## PROBLEM DESCRIPTION:
Every line below from the one containing "To create an" through the one containing "Hello students, welcome" is to be printed exactly, with the pictures omitted.
··· ENTRIES SHOWN
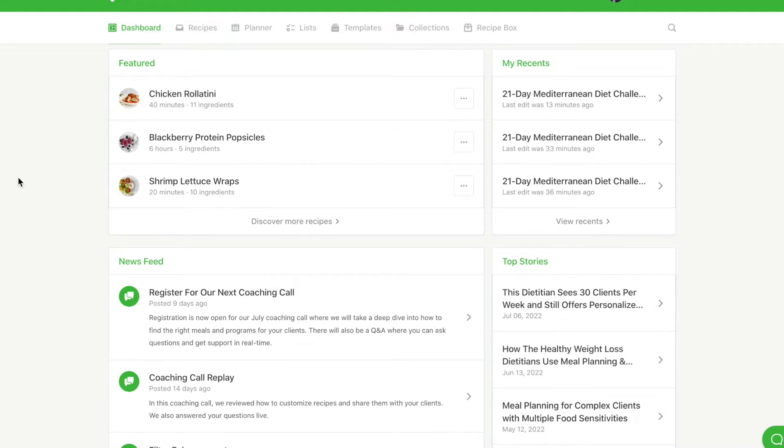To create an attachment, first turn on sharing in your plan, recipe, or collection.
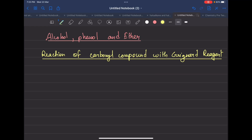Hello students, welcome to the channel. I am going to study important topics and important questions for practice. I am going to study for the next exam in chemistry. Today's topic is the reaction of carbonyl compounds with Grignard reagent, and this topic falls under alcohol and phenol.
······
··· ENTRIES SHOWN
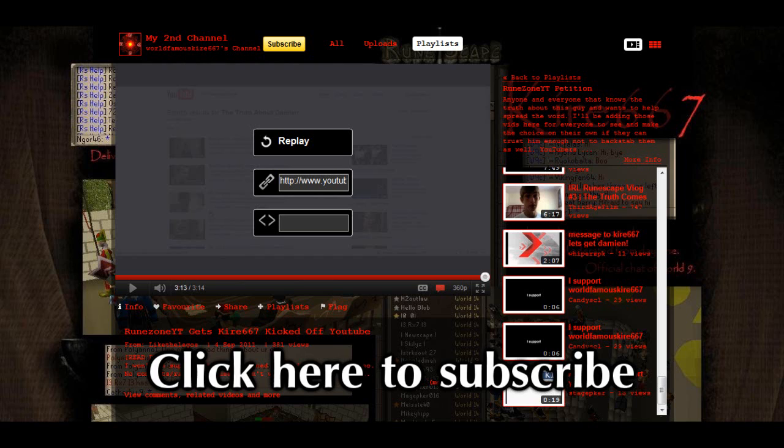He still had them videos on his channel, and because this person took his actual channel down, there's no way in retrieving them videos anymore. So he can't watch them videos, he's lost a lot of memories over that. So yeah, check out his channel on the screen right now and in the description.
······
## REPLY:
To create an attachment, first turn on sharing in your plan, recipe, or collection.
Hello students, welcome to the channel. I am going to study important topics and important questions for practice. I am going to study for the next exam in chemistry. Today's topic is the reaction of carbonyl compounds with Grignard reagent, and this topic falls under alcohol and phenol.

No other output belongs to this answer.